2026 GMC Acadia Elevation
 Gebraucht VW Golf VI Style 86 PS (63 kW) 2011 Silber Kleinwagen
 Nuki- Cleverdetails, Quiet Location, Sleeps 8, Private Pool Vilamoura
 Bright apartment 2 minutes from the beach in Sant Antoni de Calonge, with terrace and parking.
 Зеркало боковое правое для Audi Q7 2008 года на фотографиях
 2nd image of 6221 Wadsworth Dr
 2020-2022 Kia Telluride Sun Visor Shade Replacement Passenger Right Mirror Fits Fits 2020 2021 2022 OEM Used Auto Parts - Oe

DIRECTIONS FOR THIS TASK | Every one of the records is to be copied word for word.

SOLUTION FOR THIS TASK |
2026 GMC Acadia Elevation
 Gebraucht VW Golf VI Style 86 PS (63 kW) 2011 Silber Kleinwagen
 Nuki- Cleverdetails, Quiet Location, Sleeps 8, Private Pool Vilamoura
 Bright apartment 2 minutes from the beach in Sant Antoni de Calonge, with terrace and parking.
 Зеркало боковое правое для Audi Q7 2008 года на фотографиях
 2nd image of 6221 Wadsworth Dr
 2020-2022 Kia Telluride Sun Visor Shade Replacement Passenger Right Mirror Fits Fits 2020 2021 2022 OEM Used Auto Parts - Oe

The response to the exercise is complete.